18. In Count II ․, Hammond alleges that the Fee Exemption violates Article IV, Section 22, prohibiting “local or special laws ․ [r]elating to fees or salaries, except that the laws may be so made as to grade the compensation of officers in proportion to the population and the necessary services required.”
19. The term “fees” used in Section 22 refers to the nineteenth century “fee system” of using fees collected by county officers ․ to compensate them directly. In the 1890's, the State abrogated this “fee system,” and all county officials were instead compensated by salaries.
20. Accordingly, the “fees” referenced in Article IV, Section 22 are fees paid directly to county officials as compensation. However, the annual rental registration fee regulated by Indiana Code § 36–1–20–5 is not paid directly to county officials as “salary” or compensation; rather, it is directed to a special fund. Therefore, the fee limitation at issues does not regulate a “fee” as contemplated by Article IV, Section 22. HKP is therefore entitled to judgment as a matter of law on Count II.
E. Ind. Code 36–1–20–5 does not violate Section 23.
21. In Count III ․, Hammond alleges the Legislature used the July 1, 1984 cut-off date in the Fee Exemption to exempt only Bloomington and West Lafayette from the Fee Restriction of Subsection 5(c). Hammond contends this violates Article IV, Section 23 of the Indiana Constitution, which requires that “in all ․ cases where a general law can be made applicable, all laws shall be general, and of uniform operation throughout the State.” To be unconstitutional under Section 23, “a law must not only be special but subject to a law of general applicability.” The test is “whether there is something about the class [created by the special law] that makes it unique and whether that uniqueness justifies the differential treatment.”
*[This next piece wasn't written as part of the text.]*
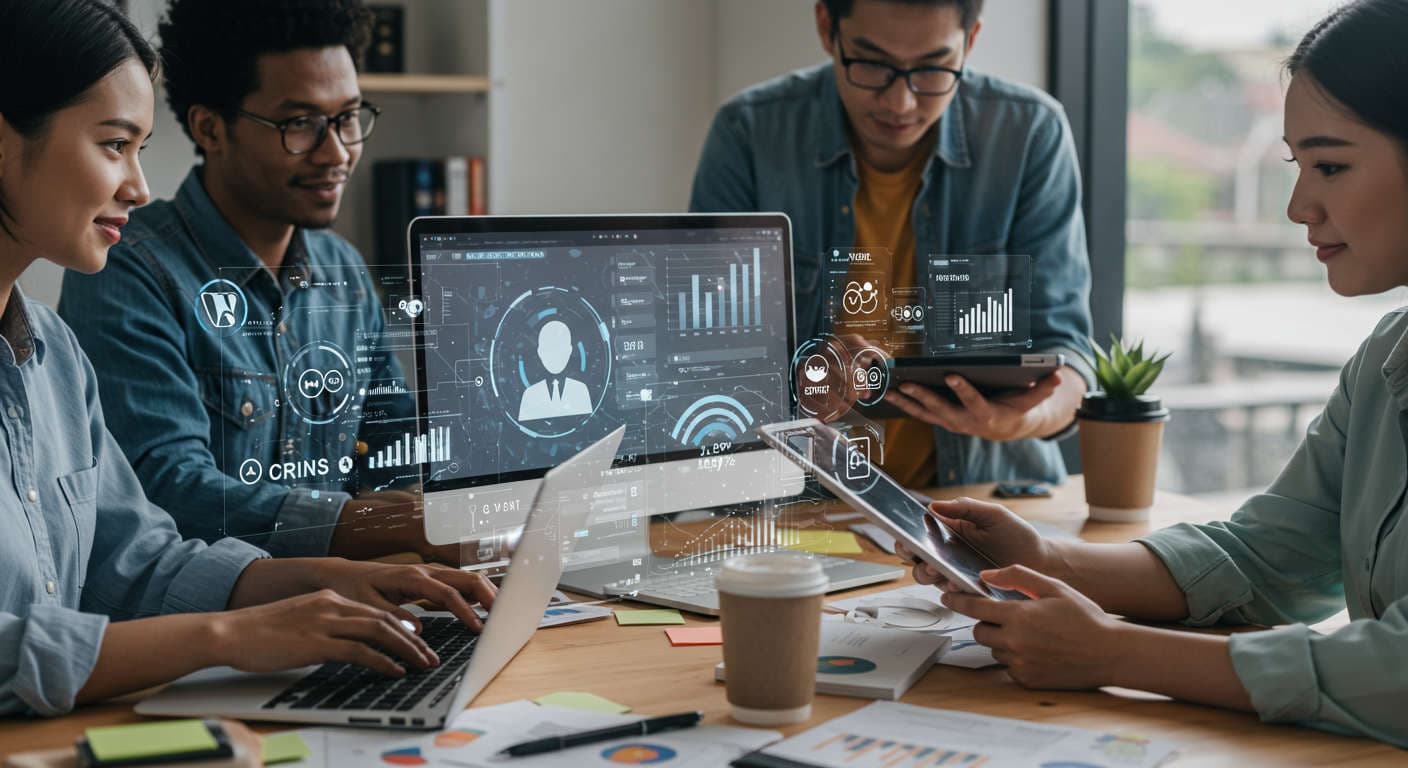 Diverse small business owners and startup entrepreneurs using AI virtual employee technology on laptops and tablets, symbolising automation and digital growth with WordPress and Shopify integration in a modern office setting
22. Bloomington and West Lafayette are unique in ways that justified their exemption from the Fee Restriction. The housing markets in Bloomington and West Lafayette are dominated by rental housing like nowhere else in the state, giving the owners of rental properties in those cities unique leverage in their housing markets. At the same time, as relatively small cities with large numbers of college students living in them, Bloomington and West Lafayette have a unique pool of tenants—young, unsophisticated, first-time renters. With inspection programs, they ensured the landlords provided safe, habitable rental housing to their inexperienced tenant populations; with registration programs, they ensured the landlords could be identified and held accountable for housing-code violations. Unlike other cities in the state, Bloomington and West Lafayette have for decades imposed the costs of their special oversight on the landlords themselves.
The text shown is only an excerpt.